Excerpted data START
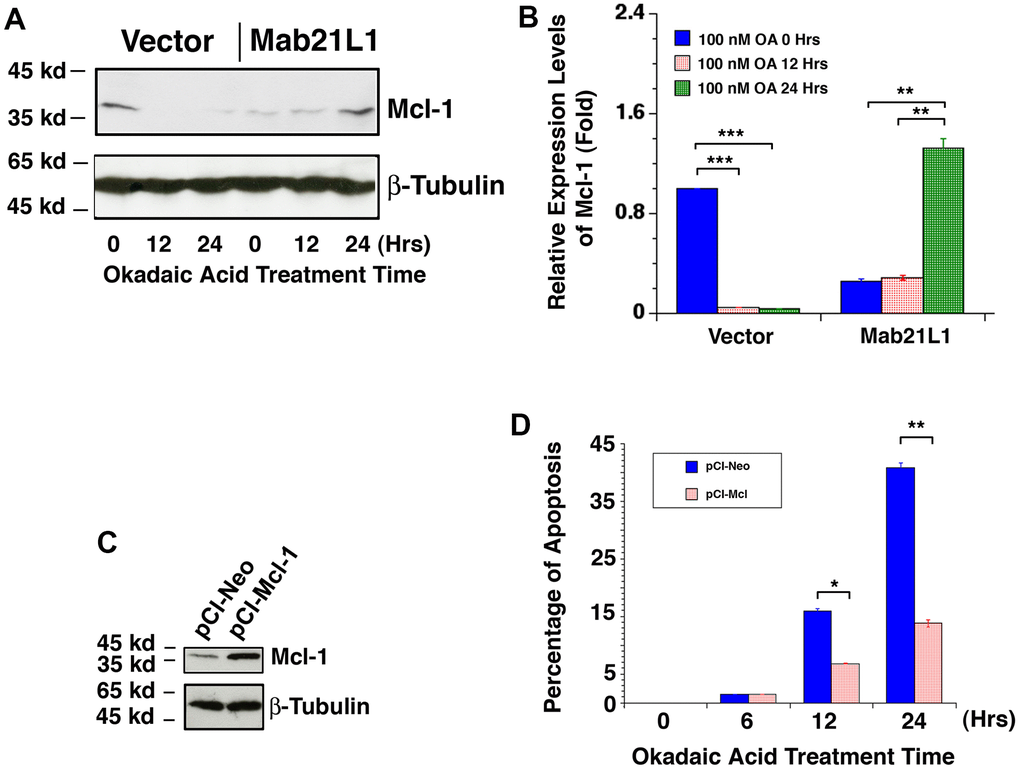 Dynamic change of Mcl-1 levels in vector-αTN4-1 and MAB21L1-αTN4-1 cells in the absence and presence of 100 OA treatment and effect of Mcl-1 level on OA-induced apoptosis of αTN4-1 cells. (A, B) Dynamic change of Mcl-1 levels in vector-αTN4-1 and MAB21L1-αTN4-1 cells in the absence and presence of 100 OA treatment. Both vector-αTN4-1 and MAB21L1-αTN4-1 cells were grown to about 90% confluence and then subjected to 100 nM OA treatment for 12 and 24 hrs. Thereafter, the cells were harvested for extraction of total proteins which were used for analysis of Mcl-1 expression by Western blot analysis (A). Quantitative results of the Mcl-1 protein expression levels were analyzed by Image J software (B). Note that in the MAB21L1-αTN4-1 cells, the Mcl-1 protein expression level was much lower than that in the vector-αTN4-1 cell clone in the absence of 100 nM OA treatment. During OA treatment for 12 and 24 hrs, however, Mcl-1 protein was down-regulated to background level in vector-αTN4-1 cells. In contrast, in MAB21L1-αTN4-1 cells, Mcl-1 protein was significantly upregulated after 24 h treatment by OA. N=3. ** ppC, D) Effect of Mcl-1 level on OA-induced apoptosis of αTN4-1 cells. Both pCI-αTN4-1 and pCI-Mcl-1-αTN4-1 cell clones were verified with Western blot analysis (C). The two types of pCI-αTN4-1 and pCI-Mcl-1-αTN4-1 cells were then subjected to 100 nM OA treatment for 12 and 24 hrs, and the apoptosis rate was determined with live/dead assays (D). N=3. *pp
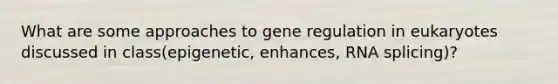 What are some approaches to gene regulation in eukaryotes discussed in class(epigenetic, enhances, RNA splicing)?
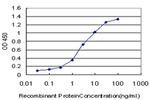 IRF2 Antibody in ELISA (ELISA)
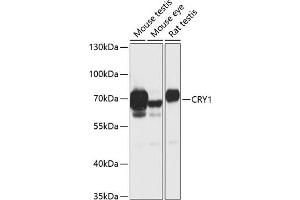 Western blot analysis of extracts of various cell lines, using CRY1 antibody (ABIN6130203, ABIN6139061, ABIN6139064 and ABIN6217742) at 1:1000 dilution.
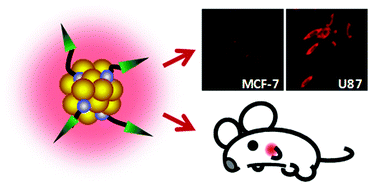 Graphical abstract: Active tumor-targeting luminescent gold clusters with efficient urinary excretion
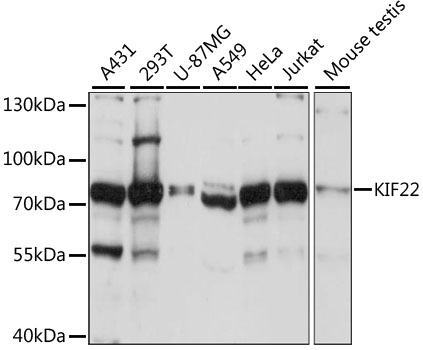 Anti-KIF22 Antibody
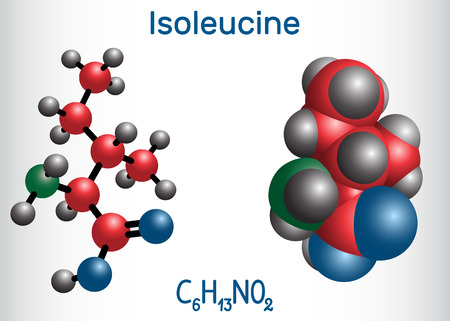 Isoleucine (L- isoleucine , Ile, I) amino acid molecule. It is used in the biosynthesis of proteins. Molecule model. Vector illustrationのイラスト素材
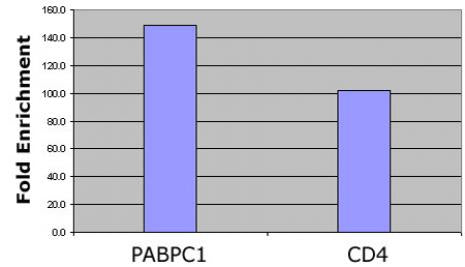 Histone H4ac (pan-acetyl) antibody (pAb), sample - MyBio Ireland - Active Motif
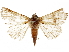  ( - BIOUG44858-H07)  @13 [ ] CreativeCommons - Attribution (2018) CBG Photography Group Centre for Biodiversity Genomics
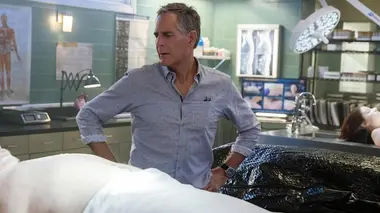 NCIS : Nouvelle-Orléans S05E13 Virus X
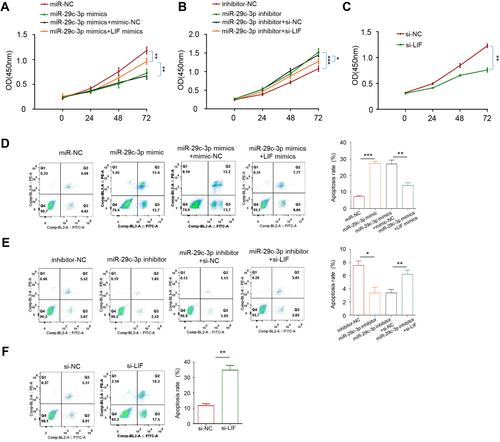 Figure 4 The role of miR-29c-3p and LIF on cell proliferation and apoptosis. (A) CCK-8 assays of Caco-2 cells after transfection with miR-29c-3p mimics and LIF mimics. (B) CCK-8 assays of Caco-2 cells after transfection with miR-29c-3p inhibitor and si-LIF. (C) CCK-8 assays of Caco-2 cells after transfection with si-LIF or scrambled control. (D)Flow cytometry analysis of cell apoptosis after transfection with miR-29c-3p mimics and LIF mimics (E) Flow cytometry analysis of cell apoptosis after transfection with miR-29c-3p inhibitor and si-LIF. (F) Flow cytometry analysis of cell apoptosis after transfection with si-LIF or scrambled control. *P<0.05, **P< 0.01, ***P<0.001.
Excerpted data END
All that is needed here is the run of lines from the one containing "NCIS : Nouvelle-Orléans S05E13 Virus X" through the end of the material above, reproduced exactly and without pictures.

Reply to the exercise:
 NCIS : Nouvelle-Orléans S05E13 Virus X
 Figure 4 The role of miR-29c-3p and LIF on cell proliferation and apoptosis. (A) CCK-8 assays of Caco-2 cells after transfection with miR-29c-3p mimics and LIF mimics. (B) CCK-8 assays of Caco-2 cells after transfection with miR-29c-3p inhibitor and si-LIF. (C) CCK-8 assays of Caco-2 cells after transfection with si-LIF or scrambled control. (D)Flow cytometry analysis of cell apoptosis after transfection with miR-29c-3p mimics and LIF mimics (E) Flow cytometry analysis of cell apoptosis after transfection with miR-29c-3p inhibitor and si-LIF. (F) Flow cytometry analysis of cell apoptosis after transfection with si-LIF or scrambled control. *P<0.05, **P< 0.01, ***P<0.001.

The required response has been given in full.